En çok Başbakan izlemeliydi o maçı
Seyrantepe’de yaşanan nankörlüğü, aymazlığı ve kepazeliği anlatmak istiyorum ama, kelimeler yetecek mi, kuşkuluyum..
¥
Ben ne liglerden anlarım, ne de herhangi bir lig maçını izlemişliğim vardır. Bilen bilir. Bu işin ekonomisiyle de doğal olarak ilgilenmedim. Hâlâ bilmem mesela bir futbolcu için ödenen para direkt onun cebine mi gider, eski kulübü aradan birkaç bir şeyler alır mı, sonra o futbolcuya aylık maaş da ödenir mi, SSK’sı yapılır mı… vs.. Bilmem.. Ama Galatasaray için yapılan fedakârlığı biliyorum. Sadece ben değil, milyonlarca Galatasaraylı da eminim biliyordur.. Detayına girmeyeceğim ama, GS’ye gönül vermesi karşılığında ihaleyi alan arkadaşın inşaatı sırasında, GS bayrağının nasıl indirildiğini hatırlıyorsunuzdur sanırım.. O yol benim işe gidiş güzergahım olduğu için, gelişmeleri gün gün takip eden sayılı adamlardan biriyim. Önce inşaat durdu, ardından, inşaat malzemeleri yakıldı, sonra bayraklar indi.. Şantiyeden aynı gün şöyle bir açıklama geldi; “Yarına kadar paralarımız yatmazsa, aha da buraya sarı-lacivert bayrağı çekiyoruz”.. Hatırlayın, Abu Dhabi Group’tan gelen para kurtardı Aslanların yattığı yeri.. Bütün bu serzenişimin altında GS taraftarına duyulan öfke var gibi görülebilir.
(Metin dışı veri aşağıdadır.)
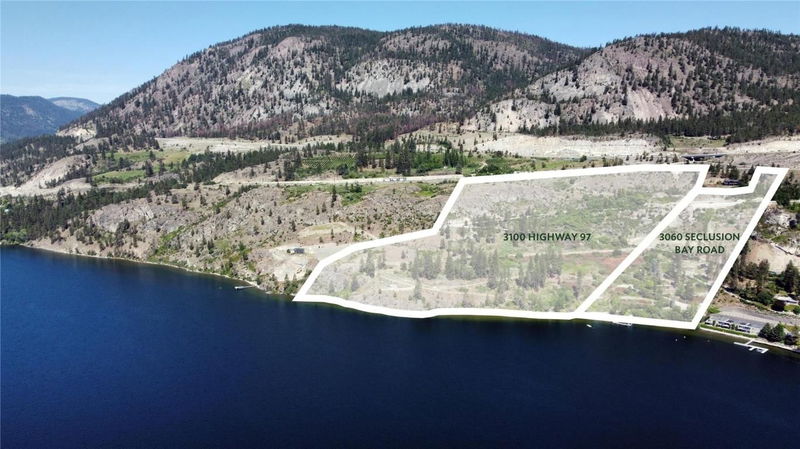 3100 Highway 97 & 3060 Seclusion Bay Road, West Kelowna, British Columbia (MLS 10330585)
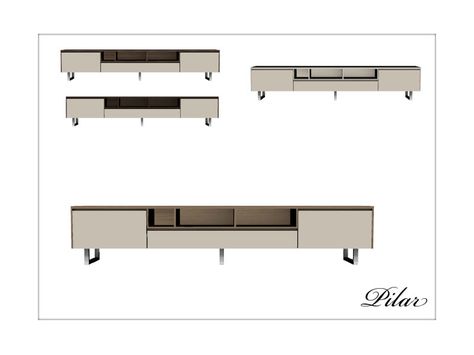 versatile modular furniture Found in TSR Category 'Sims 4 Coffee Tables' Casas The Sims Freeplay, Sims 4 Cc Furniture Living Rooms, Sims 4 City Living, Sims 4 Beds, Sims Furniture, Resource Furniture, Sims Inspiration, Sims 4 Bedroom, Sims 4 Clutter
Yanlış.. Her GS taraftarı Başbakan’a tepki gösterecekse Başbakan iktidardan düşer.. Ama her FB taraftarı, oy verirse, yüzde 80’le yeniden gelir.. Dolayısıyla temel olarak herhangi bir futbol taraftarlığının, siyaset üzerinde homojen etkisinin olmadığını bilirim.. Bu işin Galatasaray ile ilgili bile olmadığına inanmaya çalışıyorum hatta.. Seçimler öncesi, her fırsatı değerlendirmeye çalışan grupların, burada da karşımıza çıktığını düşünüyorum hatta.. Dahası Adnan Polat’ın Başbakan’dan özür dilemesi bile özünde, camianın o gece yaşananları sahiplenmediği anlamına gelir ki, bu TOKİ Başkanı’nı da temize çıkarır.. Çünkü bilen bilmeyen “TOKİ Başkanı öyle konuşmasaydı, böyle olmayacaktı..” diyecek/diyor.. Peki ama, gerçekten böyle olduğuna inansa, Adnan Polat neden esirgesin ki lafını..? Çok ciddi bir provokasyon yaşanmış ve sürü psikolojisiyle, binlerce insan bu provokasyona alet edilmiştir.. Bana sorarsanız, o gece orada neyi ve neden ıslıkladığını bilmeden protestoya katılan binlerce GS taraftarı vardı.. Acaba, o taraftarın vicdanı şimdi rahat mı?
¥
Su katıksız Fenerbahçeli bir adamdır Tayyip Erdoğan. Uluslar arası toplantılara bile sarı-lacivert kravatıyla katılır. İçten içe Kasımpaşalıdır da.. En az FB kadar önemlidir Kasımpaşa Başbakan için.. Peki ya Rizespor?.. Peki hangisi için böyle önemli bir fedakârlık yapılmış hükümetten? Bir bakar mısınız Allah Aşkına? Başbakan’ın, ezeli rakip olarak gördüğü Galatasaray için, en zor zamanda, kesenin ağzını açarak böylesine muazzam bir eseri tamamlamış olmasının karşılığı bu mu olacaktı? O akşam, o stadda o maçı keyifle izlemeyi en fazla hakkeden insana izletmediniz o maçı. O protestoculardan, buna çanak tutanlardan, yaşananları “demokratik tepki” gibi yutturmaya çalışanlardan, daha fazla hakketmedi mi Erdoğan o akşam orada o maçı izlemeyi?
¥
Söylemeyecektim ama, frenleyemeyeceğim kendimi.. Bu ülkede Galatasaray taraftarı Başbakanlar iktidardayken, birileri GS ile PKK’yı birlikte anıyordu ve kimse kılını kıpırdatmıyordu. Hatırlasanıza ne zaman sona erdi bu kara propaganda? Sonra Bay Hasip Kaplan, Diyarbakır için yaşananlar “ırkçılıktır” derken, Seyrantepe için acaba nasıl; “demokratik tepki” açıklamasında bulunduğunuzu anlamıyorum. Bu arada, “tepki koyan halkı anlamayana vuvuzella az” diyerek, MHP ile “vuvuzela kardeşliği”nizi de ilan etmiş oldunuz böylece. Hayırlı olsun. Kalın sağlıcakla...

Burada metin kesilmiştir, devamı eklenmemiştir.